What is being asked: Only the lines from the top of the data through the one with "100% linen strappy top | Massimo Dutti UK" are to be written out, each exactly as it stands.

Exercise materials:
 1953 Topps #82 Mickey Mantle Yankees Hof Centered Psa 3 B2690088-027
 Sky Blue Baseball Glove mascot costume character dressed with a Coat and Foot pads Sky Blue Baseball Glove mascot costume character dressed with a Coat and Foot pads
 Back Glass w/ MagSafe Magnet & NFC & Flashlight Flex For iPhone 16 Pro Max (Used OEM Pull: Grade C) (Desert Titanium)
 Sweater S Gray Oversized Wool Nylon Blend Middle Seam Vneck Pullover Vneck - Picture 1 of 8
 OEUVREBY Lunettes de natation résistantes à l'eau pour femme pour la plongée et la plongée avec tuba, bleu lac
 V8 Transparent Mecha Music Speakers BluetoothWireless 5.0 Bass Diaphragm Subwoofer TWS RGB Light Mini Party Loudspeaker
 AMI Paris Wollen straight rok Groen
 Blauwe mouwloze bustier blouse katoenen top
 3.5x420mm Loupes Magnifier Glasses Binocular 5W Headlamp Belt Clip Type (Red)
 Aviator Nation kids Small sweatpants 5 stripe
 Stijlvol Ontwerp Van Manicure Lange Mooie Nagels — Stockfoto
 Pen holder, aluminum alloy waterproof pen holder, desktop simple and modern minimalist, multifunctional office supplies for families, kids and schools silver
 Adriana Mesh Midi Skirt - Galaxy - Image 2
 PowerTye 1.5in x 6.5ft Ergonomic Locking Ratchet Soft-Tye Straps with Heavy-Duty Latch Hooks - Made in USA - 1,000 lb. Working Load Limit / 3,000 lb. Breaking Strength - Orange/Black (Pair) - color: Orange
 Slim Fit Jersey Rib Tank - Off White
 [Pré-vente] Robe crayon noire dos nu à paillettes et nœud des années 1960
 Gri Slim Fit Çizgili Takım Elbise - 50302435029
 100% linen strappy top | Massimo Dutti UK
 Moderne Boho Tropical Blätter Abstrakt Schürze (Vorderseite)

Finished task:
 1953 Topps #82 Mickey Mantle Yankees Hof Centered Psa 3 B2690088-027
 Sky Blue Baseball Glove mascot costume character dressed with a Coat and Foot pads Sky Blue Baseball Glove mascot costume character dressed with a Coat and Foot pads
 Back Glass w/ MagSafe Magnet & NFC & Flashlight Flex For iPhone 16 Pro Max (Used OEM Pull: Grade C) (Desert Titanium)
 Sweater S Gray Oversized Wool Nylon Blend Middle Seam Vneck Pullover Vneck - Picture 1 of 8
 OEUVREBY Lunettes de natation résistantes à l'eau pour femme pour la plongée et la plongée avec tuba, bleu lac
 V8 Transparent Mecha Music Speakers BluetoothWireless 5.0 Bass Diaphragm Subwoofer TWS RGB Light Mini Party Loudspeaker
 AMI Paris Wollen straight rok Groen
 Blauwe mouwloze bustier blouse katoenen top
 3.5x420mm Loupes Magnifier Glasses Binocular 5W Headlamp Belt Clip Type (Red)
 Aviator Nation kids Small sweatpants 5 stripe
 Stijlvol Ontwerp Van Manicure Lange Mooie Nagels — Stockfoto
 Pen holder, aluminum alloy waterproof pen holder, desktop simple and modern minimalist, multifunctional office supplies for families, kids and schools silver
 Adriana Mesh Midi Skirt - Galaxy - Image 2
 PowerTye 1.5in x 6.5ft Ergonomic Locking Ratchet Soft-Tye Straps with Heavy-Duty Latch Hooks - Made in USA - 1,000 lb. Working Load Limit / 3,000 lb. Breaking Strength - Orange/Black (Pair) - color: Orange
 Slim Fit Jersey Rib Tank - Off White
 [Pré-vente] Robe crayon noire dos nu à paillettes et nœud des années 1960
 Gri Slim Fit Çizgili Takım Elbise - 50302435029
 100% linen strappy top | Massimo Dutti UK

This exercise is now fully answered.